The intent of this service is not necessarily to develop information or evidence to discipline or assist in prosecuting employees, temporary employees, contractors or vendors, but to offer management various strategic solutions to minimize legal exposure, safeguarding the workplace against disruptive activity, and gauging the effectiveness of management maximizing profitability and minimizing preventable problems.
A recent episode of Undercover Boss illustrates the unique benefits of conducting a Workplace Evaluation. This episode focused on “1-800-Flowers” and utilized the company’s Chief Operating Officer, Chris McCann as the undercover employee. Through the process of working alongside his employees, Mr. McCann realized that many of the hardest-working employees were being improperly utilized by their company.
Many employees went unrewarded for above-average work, leaving them little motivation to continue working hard. Other employees’ innovative ideas were being completely ignored, which discouraged them from bringing forward new ideas for better company products and productivity.

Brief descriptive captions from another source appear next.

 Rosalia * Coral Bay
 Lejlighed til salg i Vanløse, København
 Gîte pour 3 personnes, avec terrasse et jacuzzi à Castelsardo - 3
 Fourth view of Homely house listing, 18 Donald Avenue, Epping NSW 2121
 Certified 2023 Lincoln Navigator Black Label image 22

Mr. McCann immediately made sweeping changes at the company, adding employee incentives for meeting goals, and he even used one employee’s idea for a new flower bouquet, naming it after her and offering it for sale nationally.

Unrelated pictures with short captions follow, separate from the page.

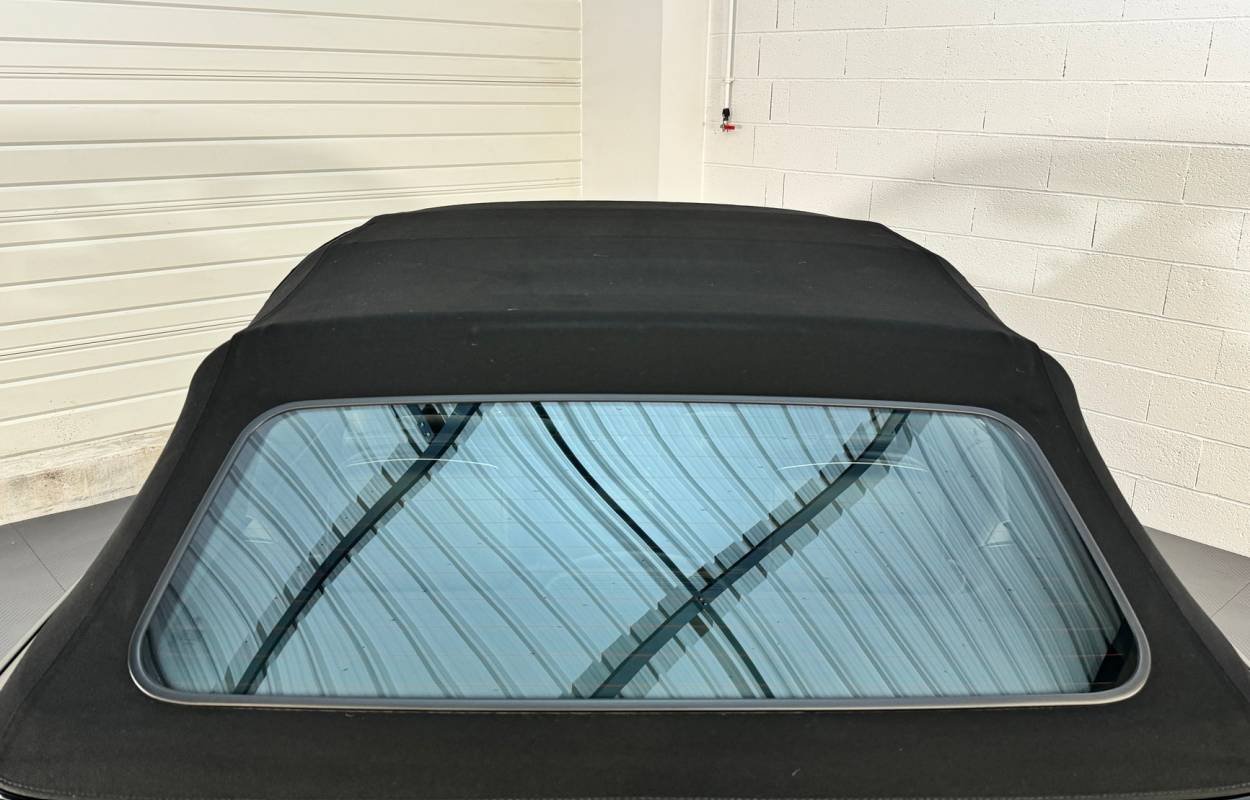 BMW 330ci E46 Cabriolet 231cv Facelift Pack M Sport 0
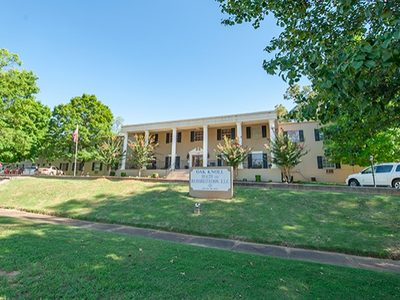 Oak Knoll Health and Rehabilitation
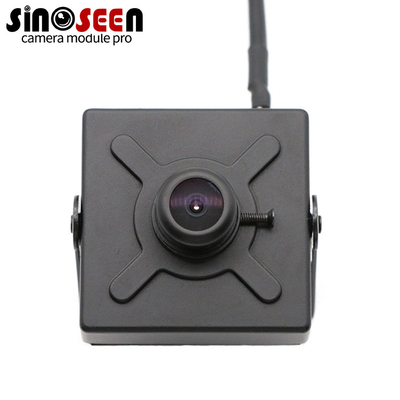 Módulo de câmera OEM 0.3MP 60fps USB 2.0 com sensor OV7725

This episode also served as a great example of why Workplace Evaluations are best left to professionals: Jim McCann, CEO and founder of 1-800-Flowers, was deemed too high-profile to work undercover, due to his appearances in television commercials for 1-800-Flowers. His brother Chris McCann, COO, instead, went undercover. Even still, there were risks associated with conducting their own internal investigation. Did they even stop to consider the potential danger he could have faced, had he stumbled upon an internal theft or drug operation?
For many reasons, we recommend our qualified, licensed and experienced Undercover Operatives, and not the owner of a business to conduct internal evaluations. This is especially true in smaller organizations, where it would be apparent to everyone that the President of the Company is “pretending” to be an entry-level employee.
A review of workplace demographics is also essential when selecting an undercover operative. For example, if the business is in a warehouse environment where 95% of the workforce is Spanish-speaking Hispanic males under the age of 35, a 60-year-old Caucasian male may “stick out” and would likely have a difficult time assimilating. Such an employee may be perceived as a “snitch” or “big brother”. To prevent that, we work with our clients to assess workforce demographics and to select an Operative best suited to “fit in” to obtain the most accurate picture of daily activities in a specific department or position.
Finally, our Operatives work without a camera crew hovering over them, recording their every movement and conversation. From our experience, a successfully Workplace Evaluation is one in which the Undercover Operative’s co-workers never knew that our agent was anything other than a regular employee.
The benefits of conducting a Workplace Evaluation
- Implementation of change and improvement of worker conditions
- Identifying legal vulnerabilities, such as health and safety risks
- Improving your bottom-line and revitalizing your company’s future
- Discovering potential problems that could negatively impact morale
- Obtaining otherwise indiscoverable actionable facts and data
- Analyzing information to proactively solve potential problems and improve the business
As Undercover Boss has demonstrated, there is currently a strong interest in proactive Workplace Evaluations. If you’re among the many employers far too busy running a business to star in a reality television show, consider the benefits of a Workplace Evaluation.